14. The computer-readable non-transitory storage medium of claim 13
wherein the first segment type classifier is a one-vs-rest
classifier.
15. The computer-readable non-transitory storage medium of claim 13
wherein the target candidate segments consist of one or more
sentences.
16. The computer-readable non-transitory storage medium of claim 13
further configured to filter the classified target candidate
segments.
17. The computer-readable non-transitory storage medium of claim 13
further configured to identify contradictory target candidate
segments, wherein the contradictory target segments are segments
from the plurality of target candidate segments classified by two
or more of the segment type classifiers as belonging to two or more
segment types; perform semantic analysis of the contradictory
sentence; classify the contradictory sentence as belonging to one
segment type from the plurality of segment types based on the
semantic analysis of the contradictory segment.

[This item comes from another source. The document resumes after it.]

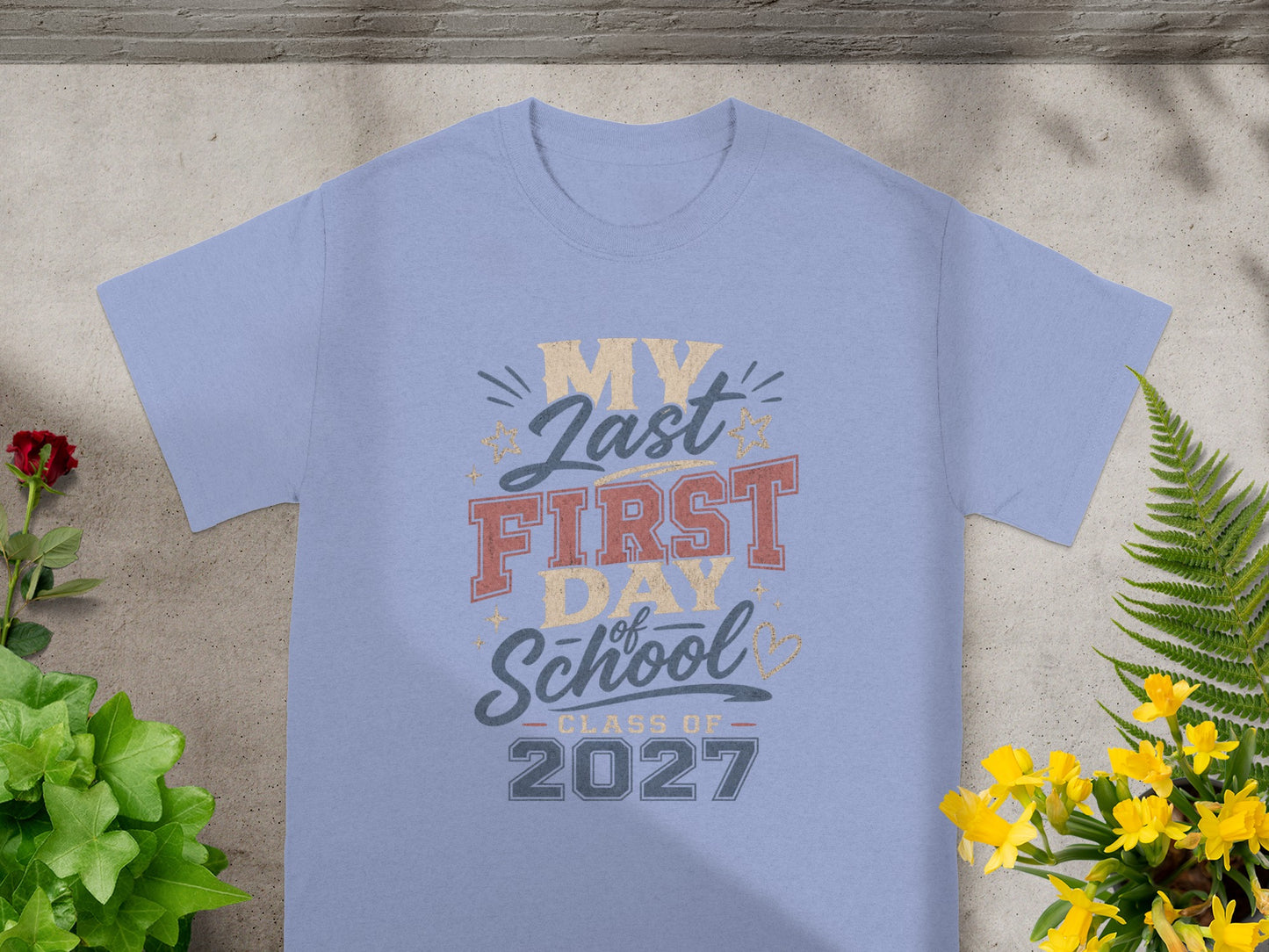 Light blue t-shirt with "My Last First Day of School Class of 2027" graphic.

18. The computer-readable non-transitory storage medium of claim 13
wherein the training of the first segment type classifier on a
marked text comprises identifying text attributes in the marked
text; generating a plurality of candidate segments in the marked
text; generating a first type training set for the first segment
type from the plurality of candidate segments; training the first
segment type classifier on the first type training set using the
text attributes in the marked text.
Description
CROSS-REFERENCE TO RELATED APPLICATIONS
[0001] This application claims the benefit of priority to Russian
Application No. 2017131334, filed Sep. 6, 2017, the disclosure of
which is incorporated herein by reference in its entirety.
TECHNICAL FIELD
[0002] The present disclosure is generally related to computer
systems, and is more specifically related to systems and methods
for natural language processing.
BACKGROUND
[0003] Information extraction is one of the important operations in
automated processing of natural language texts. Extracting
information from natural language texts, however, can be
complicated by ambiguity, which is a characteristic of natural
languages. This, in turn, can require significant resources in
order to extract information accurately and in a timely manner.

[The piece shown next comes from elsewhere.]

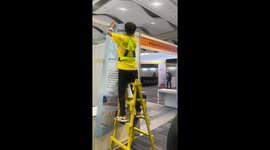 Builder works smarter not harder by walking with stepladder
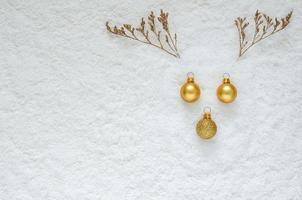 Flat lay of reindeer face with Christmas ornaments and dried tree put on snow background. photo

Information extraction can be optimized by implementing extraction
rules that identify specific information within those
documents.
SUMMARY OF THE DISCLOSURE
[0004] In accordance with one or more aspects of the present
disclosure, an example method of marking a natural text document
may comprise: performing, by a processing device, segmentation of
an unmarked target text to produce a plurality of target candidate
segments, wherein one or more of target candidate segments belong
to one or more segment types from a plurality of segment types;
identifying target text attributes within a first target candidate
segment from the plurality of target candidate segments; analyzing
the target text attributes from the first target candidate segment
using a first segment type classifier from a plurality of segment
type classifiers to categorize the first target candidate segment
as having a first segment type from the plurality of segment types,
wherein the first segment type classifier is trained on a marked
text to categorize segments as corresponding to the first segment
type; performing text analysis of the first target candidate
segment based on the categorizing of the first target candidate
segment as the first segment type; wherein the first segment type
classifier is a one-vs-rest classifier; wherein the target
candidate segments consist of one or more sentences; wherein the
method further includes filtering the classified target candidate
segments, and/or identifying contradictory target candidate
segments, wherein the contradictory target segments are segments
from the plurality of target candidate segments classified by two
or more of the segment type classifiers as belonging to two or more
segment types; performing semantic analysis of the contradictory
sentence; and classifying the contradictory sentence as belonging
to one segment type from the plurality of segment types based on
the semantic analysis of the contradictory segment. In some
embodiments the training of the first segment type classifier on a
marked text further comprises identifying text attributes in the
marked text; generating a plurality of candidate segments in the
marked text; generating a first type training set for the first
segment type from the plurality of candidate segments; and training
the first segment type classifier on the first type training set
using the text attributes in the marked text.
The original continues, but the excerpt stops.